(Short text fragments from websites)
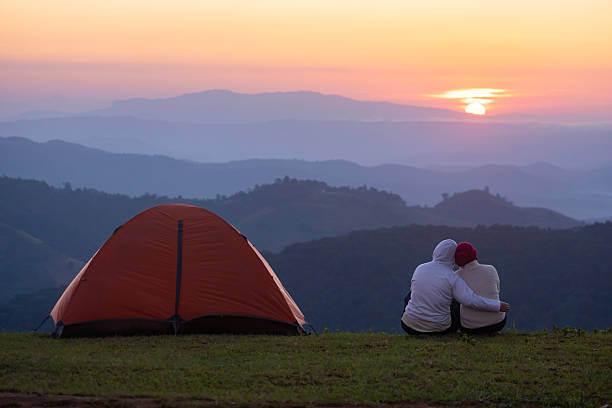 istock Couple is sitting by their tent during overnight camping and hugging while looking at the beautiful scenic sunset over the mountain for outdoor adventure vacation travel 2232966769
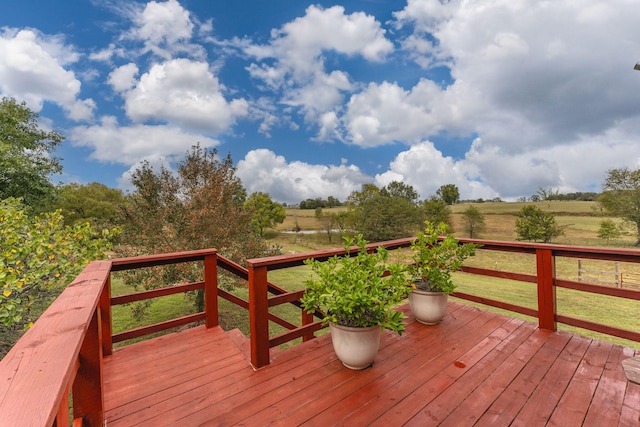 wooden terrace featuring a rural view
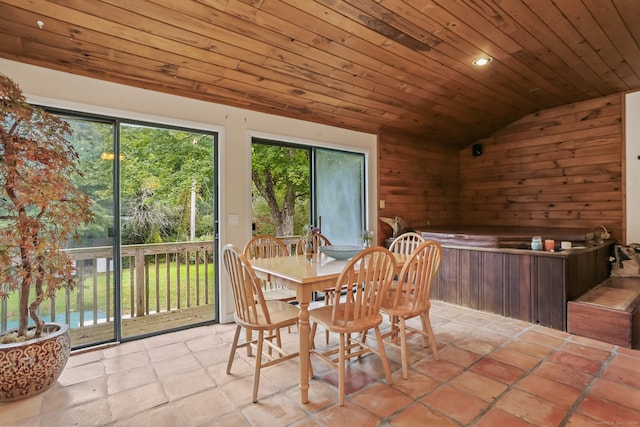 dining space featuring lofted ceiling, wood walls, a water view, and wooden ceiling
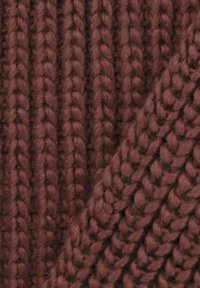 Teksturowana dzianina w głębokim burgundzie z wyraźnymi plecionymi wzorami, charakteryzująca się miękką, grubą nicią i ciepłym, przyjaznym wyglądem.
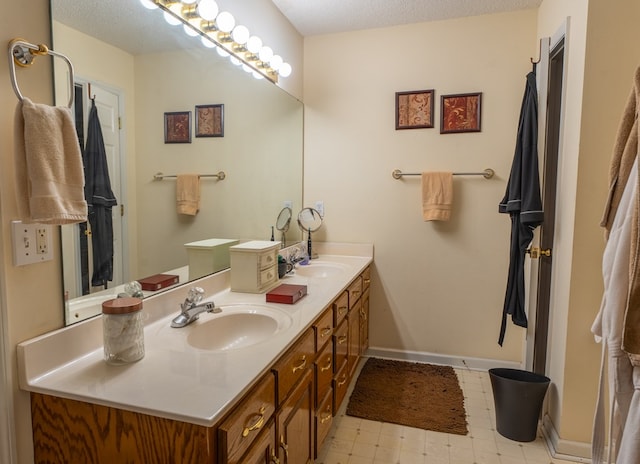 639 Mount View Dr, Tunnel Hill, GA 30755 - full bathroom featuring double vanity, baseboards, and tile patterned floors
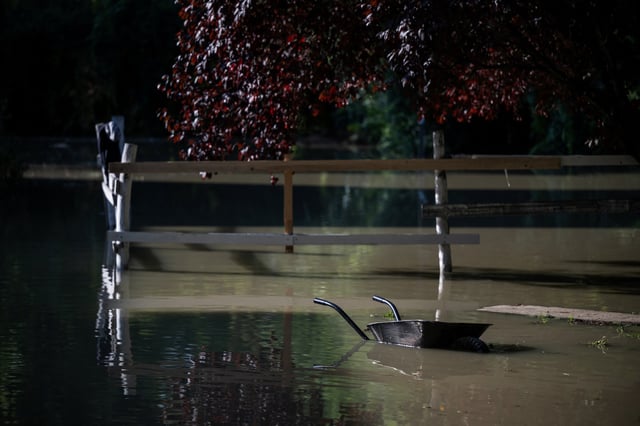 A wheelbarrow is partially submerged in water following flooding by the Danube River in Budapest, Hungary, September 20, 2024. REUTERS/Marton Monus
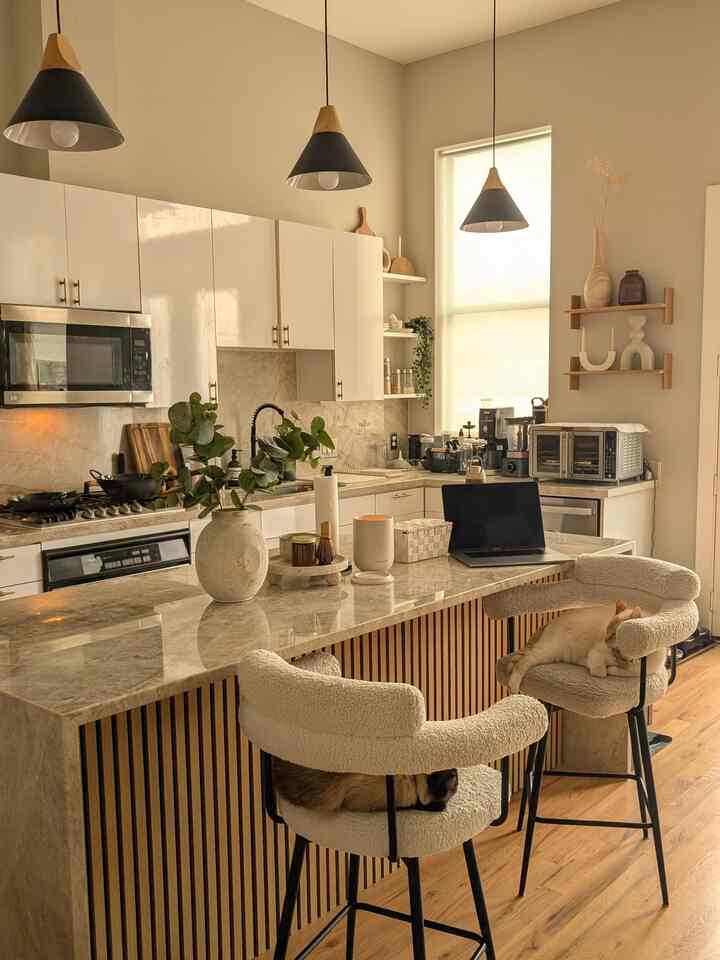 Bright kitchen space with wood-tone flooring and white kitchen island featuring two cats resting on bar stools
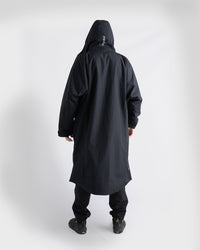 *MALE* A person shown from the back wearing a black Nexus, black pants, and black shoes against a plain light grey studio background.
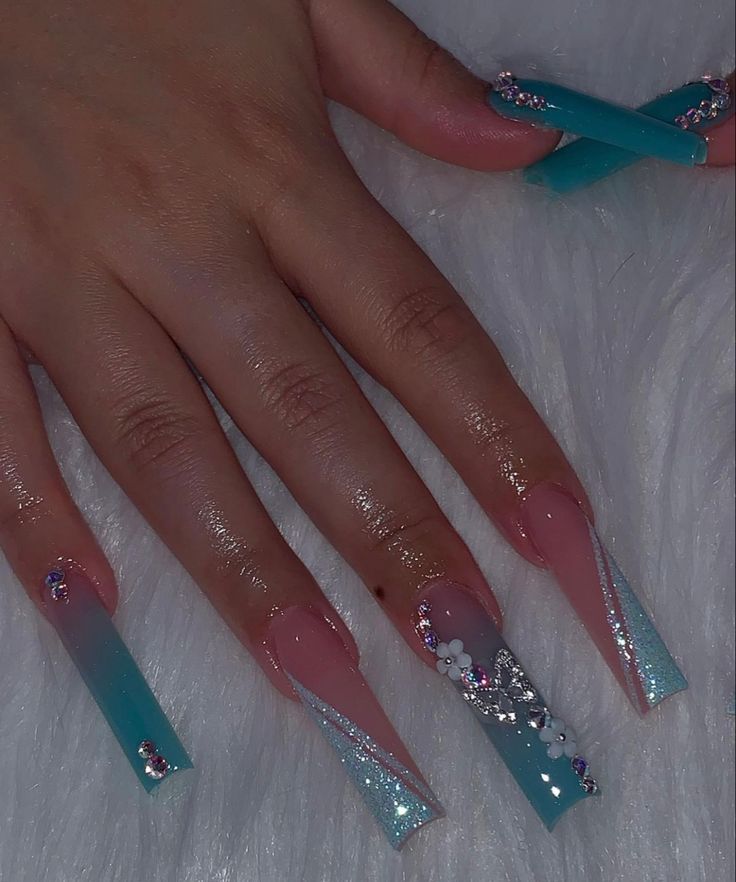 Chic Ombre Nail Design in Pink and Aqua with Glittery Accents.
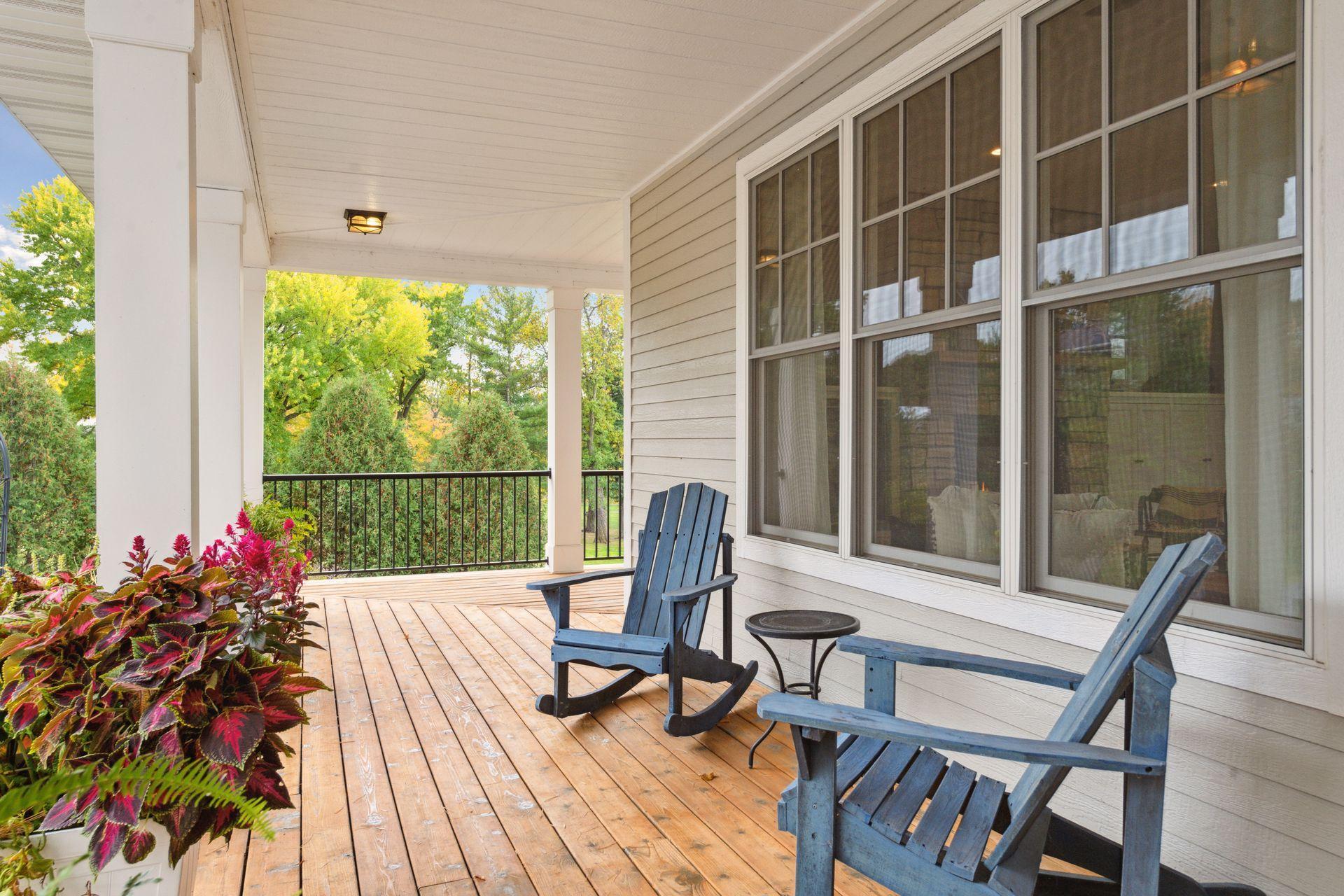Greet your company on front porch, wrap around to screened porch with lake views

### Problem details
The expected result is every record above, word for word, with no pictures in it.

### Task response
 istock Couple is sitting by their tent during overnight camping and hugging while looking at the beautiful scenic sunset over the mountain for outdoor adventure vacation travel 2232966769
 wooden terrace featuring a rural view
 dining space featuring lofted ceiling, wood walls, a water view, and wooden ceiling
 Teksturowana dzianina w głębokim burgundzie z wyraźnymi plecionymi wzorami, charakteryzująca się miękką, grubą nicią i ciepłym, przyjaznym wyglądem.
 639 Mount View Dr, Tunnel Hill, GA 30755 - full bathroom featuring double vanity, baseboards, and tile patterned floors
 A wheelbarrow is partially submerged in water following flooding by the Danube River in Budapest, Hungary, September 20, 2024. REUTERS/Marton Monus
 Bright kitchen space with wood-tone flooring and white kitchen island featuring two cats resting on bar stools
 *MALE* A person shown from the back wearing a black Nexus, black pants, and black shoes against a plain light grey studio background.
 Chic Ombre Nail Design in Pink and Aqua with Glittery Accents.
Greet your company on front porch, wrap around to screened porch with lake views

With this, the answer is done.